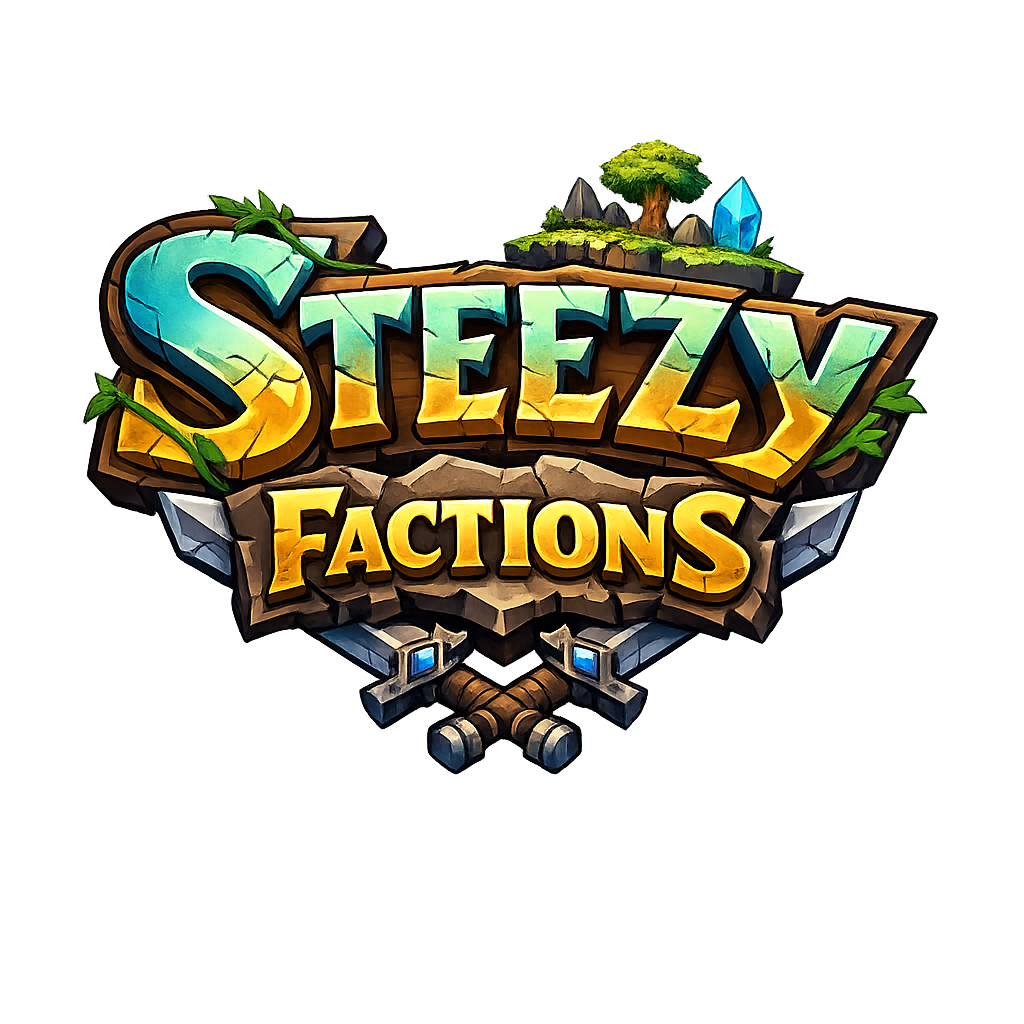 Steezy Factions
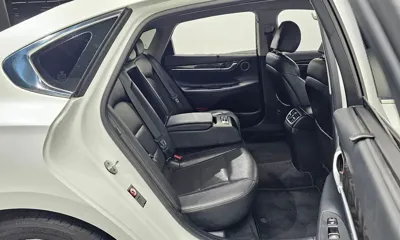 Hyundai Grandeur 2018, 133564 км, за 12800000 KRW - фото 17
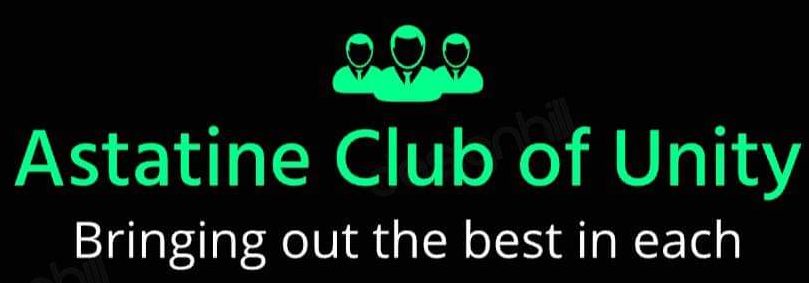 Astatine Club Of Unity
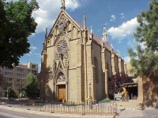 Loretto Chapel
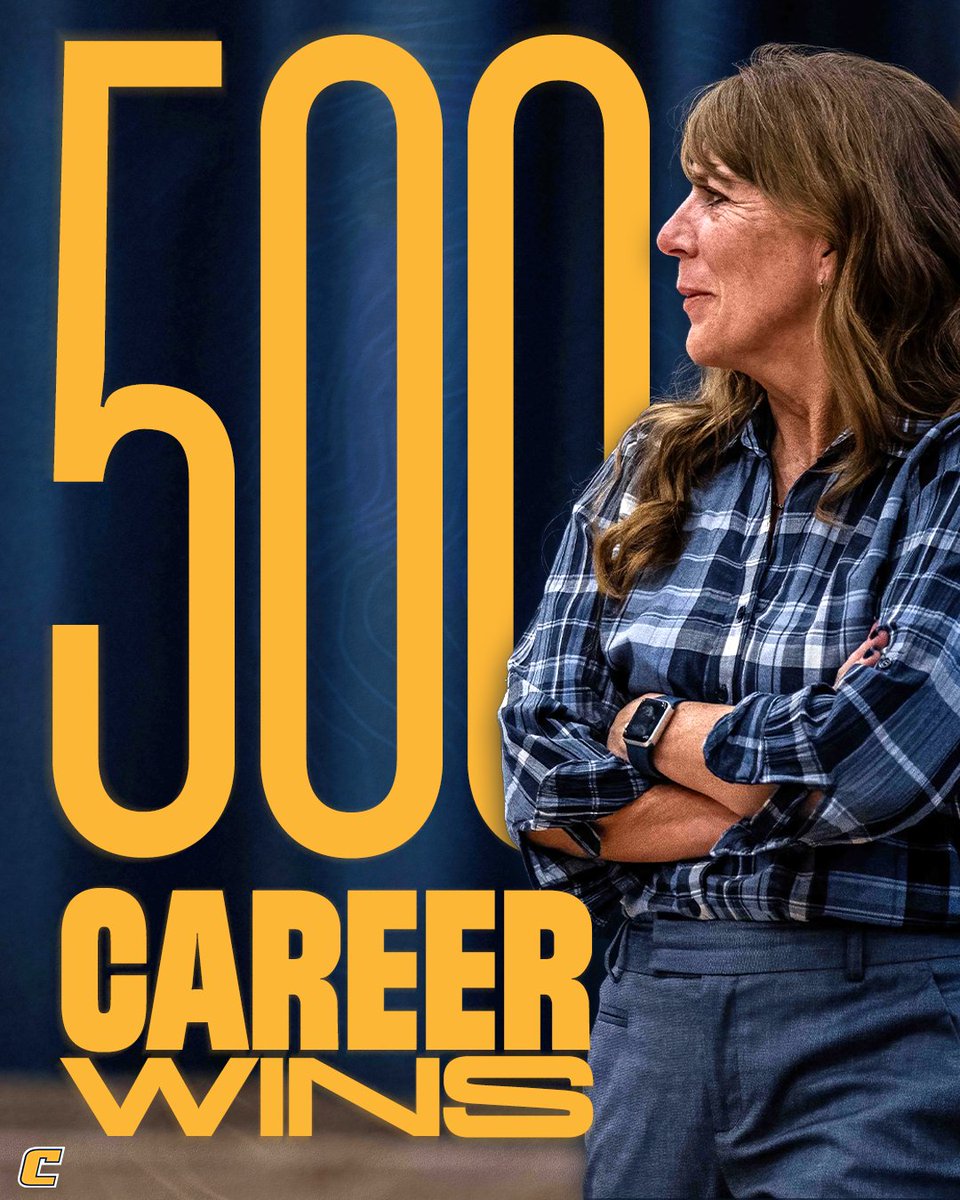 Chattanooga Volleyball tweet media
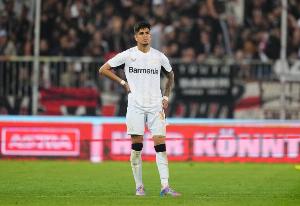 BBC：阿森纳有意勒沃库森后卫因卡皮耶，球员解约金6000万欧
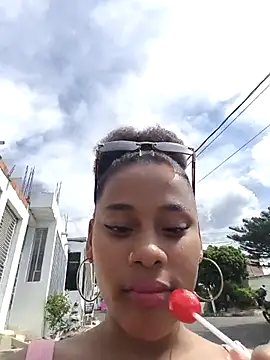 Mia-sensual online show from September 2025 07:15:02 PM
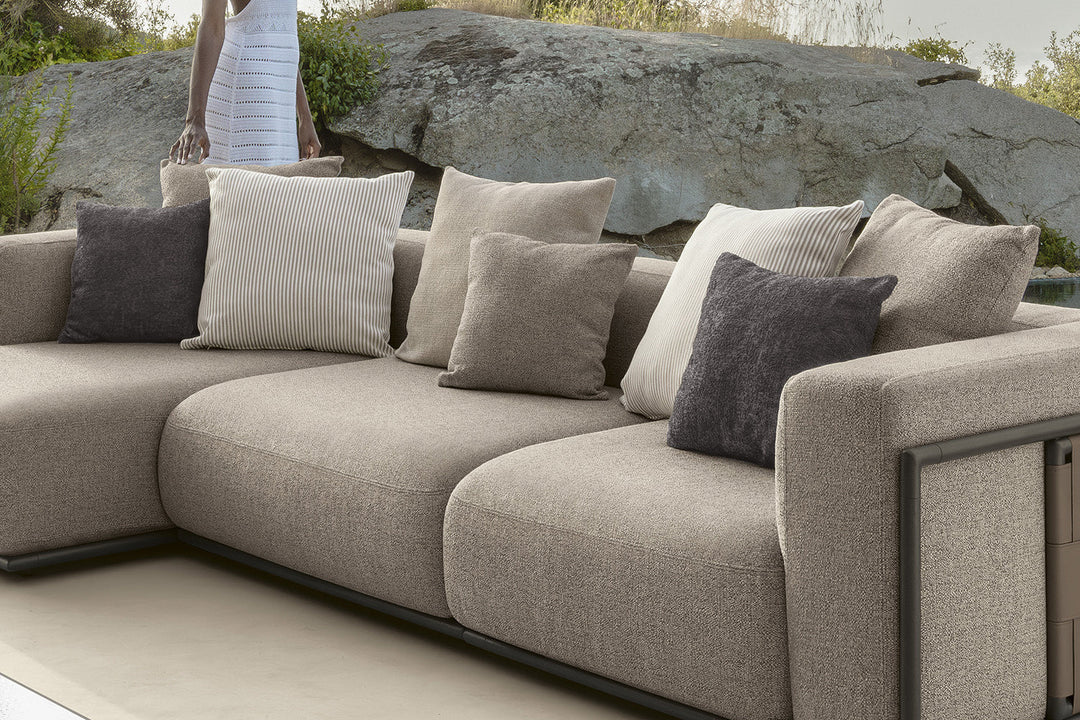 Tresse Pillow Accent Pillows Talenti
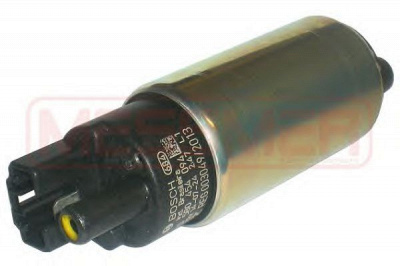 MESSMER 770067 -  Топливный насос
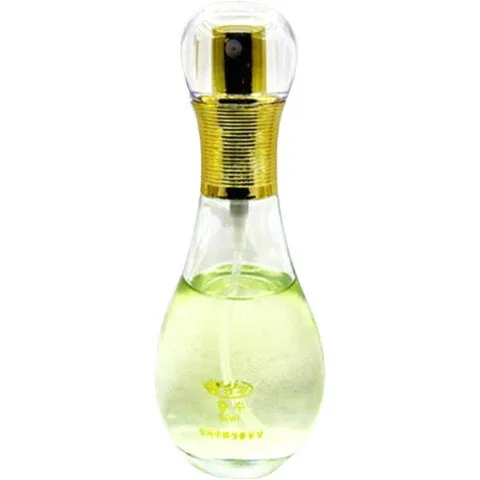 Pomhyanggi Perfume (826) / 향수 (826) parfüm şişesi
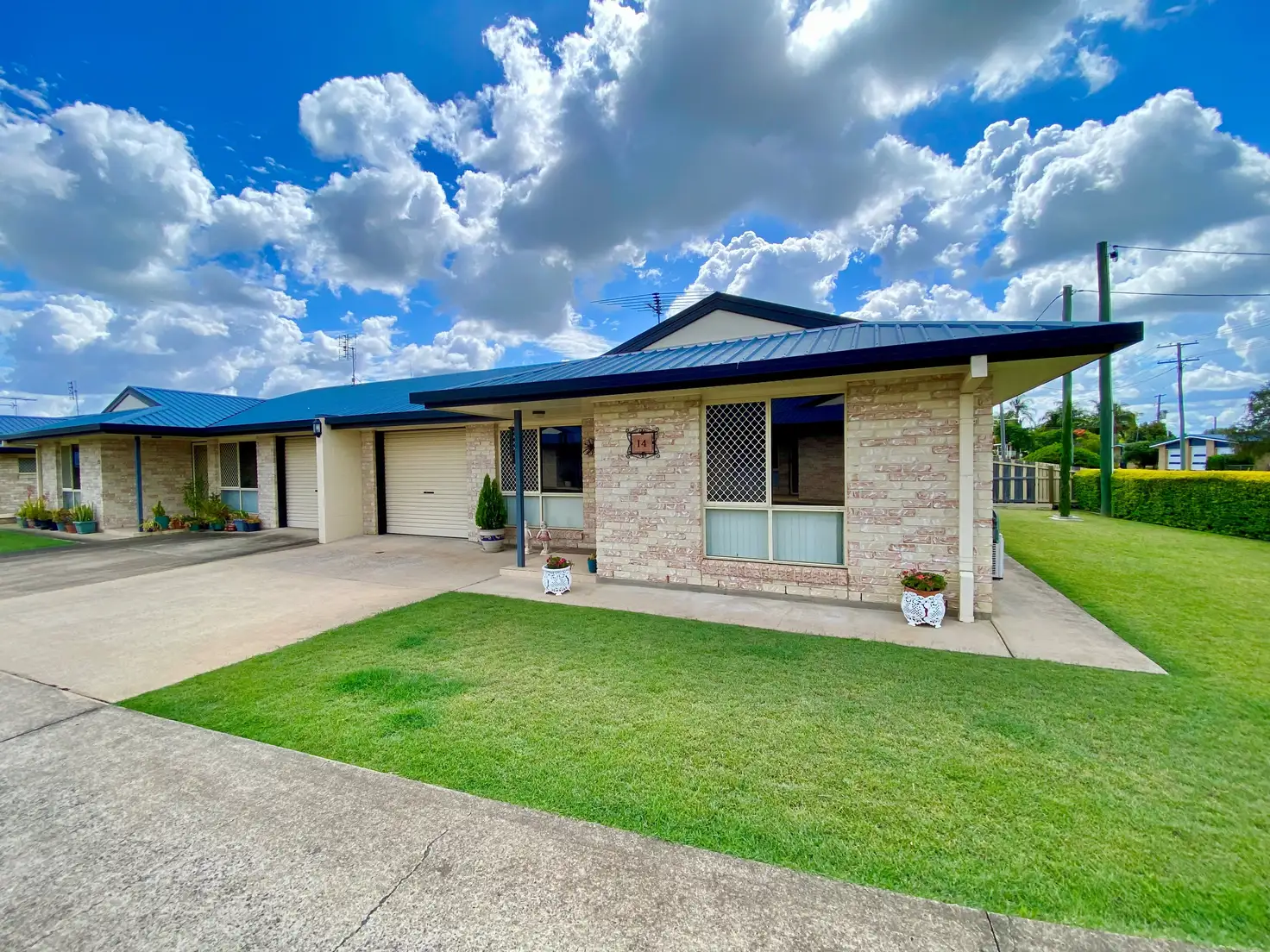 Main view of Homely unit listing, 14/27-29 Princess Street, Gatton QLD 4343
*-*-*
The response has to be an exact copy of all the data, pictures excluded.

 Steezy Factions
 Hyundai Grandeur 2018, 133564 км, за 12800000 KRW - фото 17
 Astatine Club Of Unity
 Loretto Chapel
 Chattanooga Volleyball tweet media
 BBC：阿森纳有意勒沃库森后卫因卡皮耶，球员解约金6000万欧
 Mia-sensual online show from September 2025 07:15:02 PM
 Tresse Pillow Accent Pillows Talenti
 MESSMER 770067 -  Топливный насос
 Pomhyanggi Perfume (826) / 향수 (826) parfüm şişesi
 Main view of Homely unit listing, 14/27-29 Princess Street, Gatton QLD 4343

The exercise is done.